Но рыбе все равно: у нее есть указание. А это гораздо важнее чужих надежд.
Мама звонила: ей визу дали, а отцу нет. Чтоб они, не приведи господи, не остались вместе в Америке.
Теперь мама целую неделю будет ненавидеть США – пока не приедет и не пройдется по нашей улице. Она уже давно перезнакомилась с моими соседями. Розмари скажет ей: «Вы чудесно выглядите!» Дэн похвастается сыновьями: «Правда же, они выросли?» Саймон заведет разговор о Петербурге – он только что оттуда вернулся.
Что у этой Америки общего с той, ненавидимой?
Впрочем, люди-рыбы водятся везде. Леля, когда в прошлый раз ездила в Россию, тоже получила свое. На таможне ей заявили, что ее виза оформлена неправильно. Продержали четыре часа в аэропорту, ограбили на 300 долларов (наличкой, себе в карман, разумеется)…
Барбара говорит, что и у них в Мексике та же мерзость. Таможни, суды, полицейские участки… Сидит за стеклом рыба – у нее есть право решать твою судьбу. А у тебя – нет.
Каково это – каждый день выслушивать надрывное «Ну, пожалуйста!». Ничего? Нормально потом по ночам спится?
Очень хорошо, что мама приедет.
Как закалялась сталь (мемуары)
Стертый до дыр линолеум, календари «Госстраха» на стенах – здесь каждый день шла нечеловеческая работа мысли.
…«В достигнутом успехе воплощен большой энтузиазм наших добросовестных колхозников».
…«Советскому человеку глубоко чуждо нравственно убогое кривляние Мерилин Монро».
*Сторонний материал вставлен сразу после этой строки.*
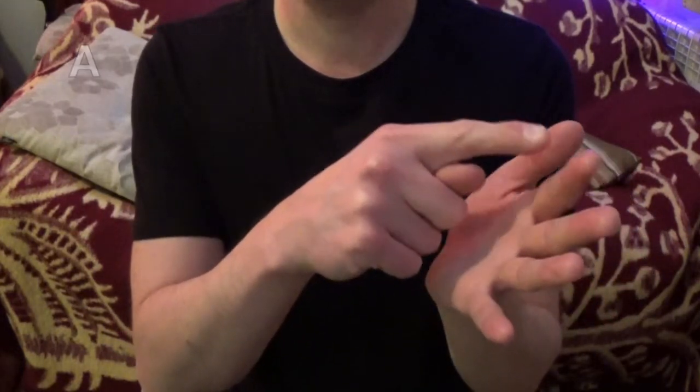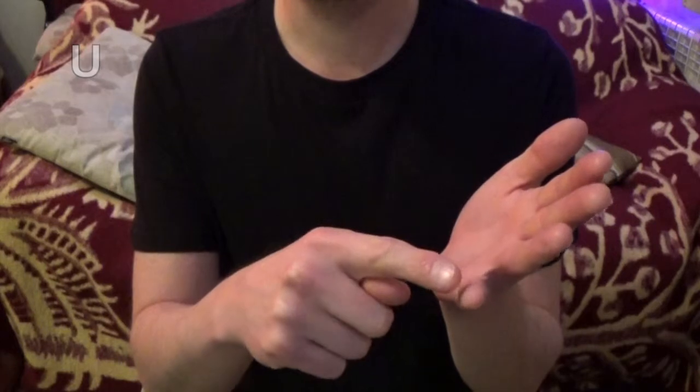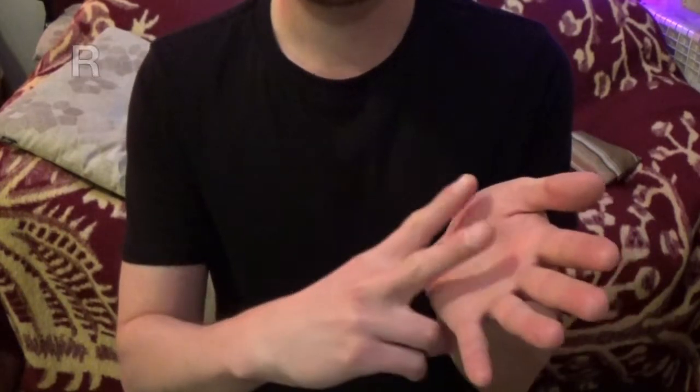So most people prefer to sign with an open hand: A, E, I, O, U, L, M, N, R, V.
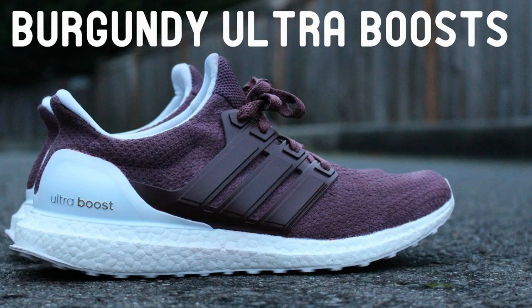This might be the best Adidas basketball shoe this season, and is definitely worth considering.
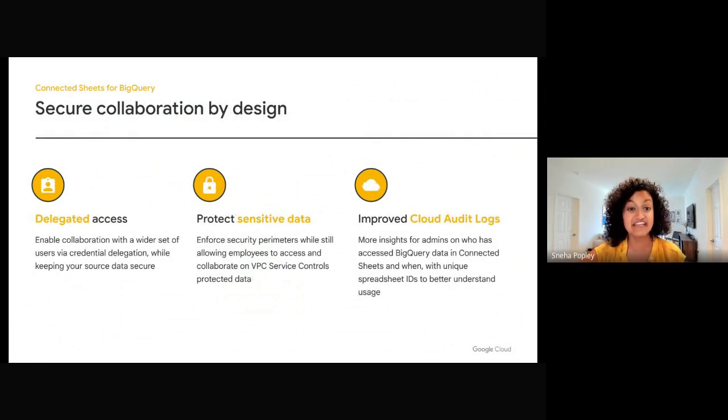In the past year, we've made it easier to connect securely with more data sources and increase transparency for admins in your organization. More members can work together on BigQuery data on Sheets, since one user can set up and delegate their credentials for BigQuery data. They can also access, collaborate on, and generate insights from VPC service controls protected data. We have introduced admin controls for access and VPC service controls in the past year. Additionally, admins can understand how your organization is using BigQuery data on Sheets with even more insights in cloud audit logs.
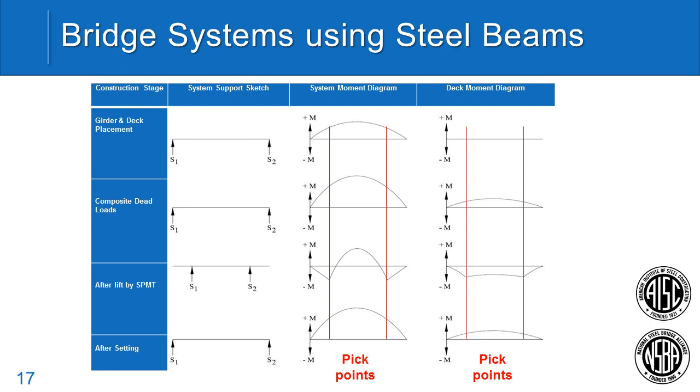After setting the bridge back down on its permanent supports, all the moments reverse again — the deck goes back into compression and the beams return to positive bending. This means that even if a minor crack develops in the deck during the move, the cracks close after the bridge is set. We have experienced this in Utah inspecting many bridges: we see some minor cracking in the deck, and the cracks close up tight once the bridge is set.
Жизнь в «Вечернем вагоннике» била ключом. Зимой редакция проводила журналистское расследование на тему «Кто спер электрокамин?», находила его у бухгалтера и со скандалом возвращала на место. Летом то же самое касалось вентилятора.
Технику третьей категории полагалось сидеть в одной комнате с корректорами – Мариной Петровной и Зямой Семеновичем.
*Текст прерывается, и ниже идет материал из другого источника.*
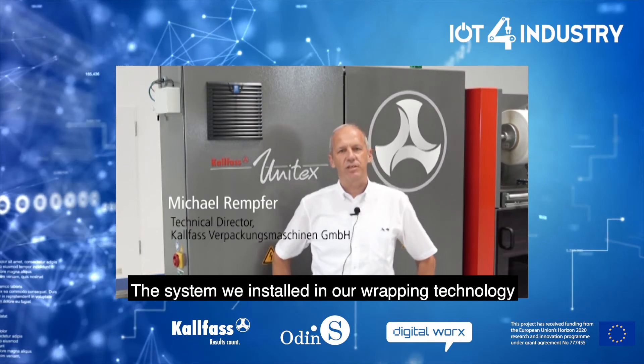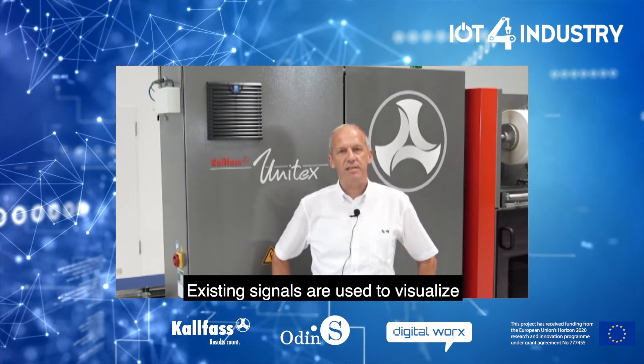Hello, my name is Michael Remfer. I am Technical Director at Kalfas Verpackungsmaschinen. The system we installed in our wrapping technology during the SESIMA project is a simple and useful way to monitor the situation of the machine. Existing signals are used to visualize the productivity and the status of the line on smartphone or notebook.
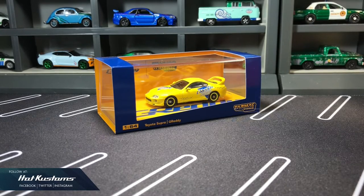Today's feature is on the Toyota Supra from Tarmac Works. This is a collaboration model between Grady Performance and Tarmac, with a limited production run of 1,248 pieces. It is now available at the Tarmac Web Store.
Зяма был мал ростом и молод душой. На работу он не ездил, а бегал трусцой; под столом держал гирю и раз в месяц красил голову басмой.
– Вы теперь вылитый палестинец! – потешалась над ним Марина Петровна.
Зяма искренне огорчался: он реставрировал кудри специально для нее.
Но Марине было мало кудрей. Она ценила в мужчинах широту души, а вот с этим у Зямы Семеновича была напряженка. Он физически не мог покупать женщине мороженое (ведь она его съест и ничего не останется!), чего уж говорить о розах и духах. Зато когда в городе зацветала ничейная сирень, главный корректор был сама щедрость. Не скупился он и на домашние вкусности – когда они оставались после семейных банкетов.
Каждое подношение Зяма обставлял с необычайной торжественностью.
– Сегодня у вас, девочки, праздник, – значительно говорил он. – Я позавчера всю ночь фаршировал для вас яйца.
– А чего вы вчера ваши яйца не принесли? Дома забыли?
Зяма конфузился и спешно менял тему на нейтральное: продажность Солженицына и происки сионизма.
Работа в газете дала мне многое: я научилась печатать со скоростью пулемета, составлять кроссворды и мыть жирные тарелки в ледяной воде. Там же, в «Вечернем вагоннике», появился мой первый журналистский опус. Статья рассказывала о закромах Родины и называлась «Опаленные ленинизмом».
– Сиди пока у матери, – сказал он Светке. – А мне нужно съездить кое-куда по делам. Потом я вернусь за тобой.
Но он не вернулся. Его нашли мертвым на трассе Москва-Ленинград: вроде как он ехал на мотоцикле и не справился с управлением.
– Да он в жизни бы не сел на мотоцикл! – рыдала Светка. – Они это специально подстроили, чтобы повесить на него все долги!
Очередного жениха она искала в кафе «Лабиринт». Садилась за столик, заказывала чаю и ждала. К ней подходили – она оценивала: этот, не этот, нет, нет, нет…
Однажды к ней подсели двое.
– Ну, кого из нас выберешь?
Светка указала на Андрея, молодого плечистого директора овощебазы. Через день она переехала к нему жить, а через несколько месяцев позвала к себе всех подружек – справлять день рождения. Там я впервые попробовала кокос и посмотрела мультик «Том и Джерри» по видаку.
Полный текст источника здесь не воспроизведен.